« Huit heures de travail, huit heures de repos et huit heures pour ce que l’on veut ! » scandaient les travailleurs à travers les États-Unis un certain 1er mai 1886. Ils étaient, selon les estimations, entre 300 et 500 000 à avoir suivi le mot d’ordre de grève générale pour exiger la réduction de leur temps de travail.
Dans le Chicago d’alors, centre industriel important, le mouvement ouvrier à ses balbutiements peinait à s’organiser. De leur côté, pour résister à la pression des travailleurs et leur volonté de changement, les patrons d’entreprises ne ménageaient pas leurs efforts. Ils n’hésitaient pas non plus à user de méthodes douteuses pour contrer les jeunes syndicats sans pour autant parvenir à briser l’élan populaire et la mobilisation. Le mouvement s’amplifiait, et en particulier, sous l’impulsion de la communauté allemande qui en 1860 représentait 20 % de la population de la ville. Une communauté politisée puisque nombre de ces immigrants avaient quitté l’Europe après les événements de 1848, ce qui leur avait valu le surnom de « Forty-eighters » – quarante-huitards.
En septembre 1884, la fédération des syndicats de travailleurs fixa la date du 1er mai 1886 pour l’instauration de la journée de huit heures. À l’approche du jour J, ils décidèrent d’une grève générale et de manifestations. En ce 1er mai historique, environ 80 000 personnes défilèrent pacifiquement dans les rues de Chicago. Le mouvement se poursuivit le 2 mai, et le 3, les grévistes qui se rassemblèrent devant les usines McCormick y rencontrèrent quatre cents policiers appelés par la direction pour protéger ses locaux. La police tira dans la foule tuant deux ouvriers. La mobilisation ne fléchit pas, et, le lendemain, la situation dégénéra, donnant lieu à ce qui resterait dans l’histoire le massacre de Haymarket.

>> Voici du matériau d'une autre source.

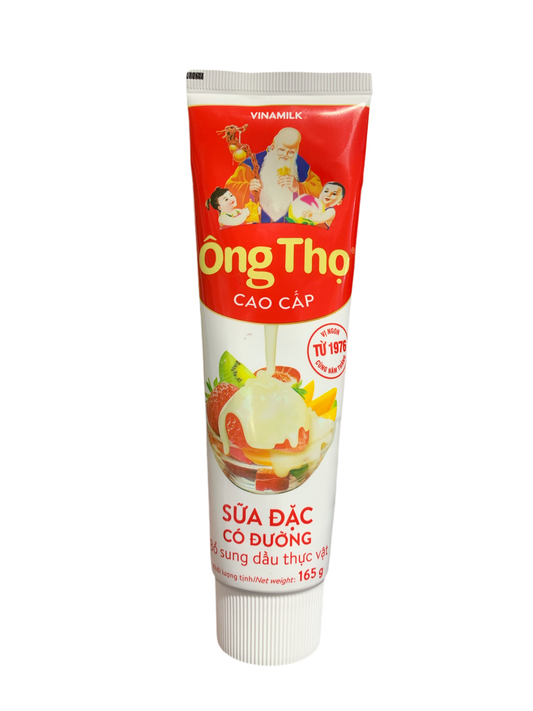 Condensed cream 165g    Ong tho cao cap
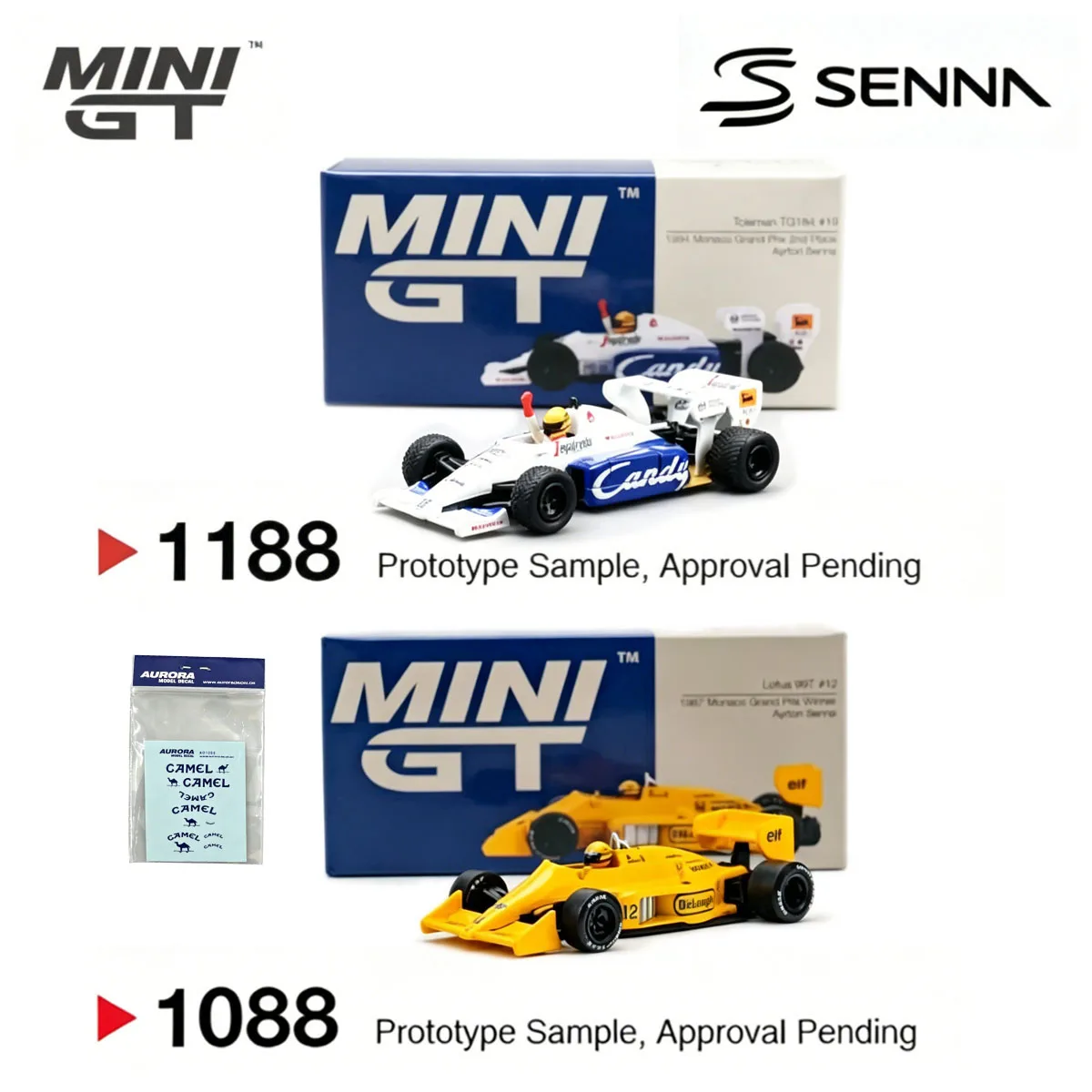 minigt-1-64-ayrton-senna-f1-toleman-tg184-19-minigt-1118-minigt-1093-lotus-99t-12-monaco-winner-minigt-1088-diecast-model-car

Trois ans plus tard, en 1889, la deuxième Internationale socialiste réunie à Paris décida de faire du 1er mai une journée internationale de manifestations pour la réduction de la journée de travail à huit heures. Et c’est Jules Guesde, journaliste cofondateur du journal L’Égalité, qui lui donna son nom de « fête du travail ».
Au fil des ans, si les revendications ont changé, la tradition s’est installée, dans de nombreux pays. Puis, lentement, elle a perdu en substance.
Aujourd’hui, en France, la journée de huit heures appartient déjà au passé. Pour beaucoup le 1er mai n’est plus qu’un jour férié comme un autre. Il s’ajoute joyeusement aux autres jours chômés du mois. En ce début de printemps, il signifie surtout piqueniques et barbecues, voire mémorables bitures. Quelques semaines avant, au plus tard quand on pose ses vacances, on regarde son calendrier dans l’espoir qu’il tombe un jeudi histoire de faire un petit pont… Fini les manifestations populaires d’après-guerre. Nous jouissons, presque blasés, de ces droits que des hommes et des femmes ont conquis de haute lutte.
Alors peut-être en préparant notre sandwich merguez, « non, merci, sans moutarde », pourrions-nous leur dédier une pensée émue, vite fait, avant que ça refroidisse.
Ah oui, et le muguet ?
C’est une toute autre histoire qui daterait de Charles IX. Il aurait eu coutume d’en offrir comme porte-bonheur à toutes les dames de la cour au début du mois de mai.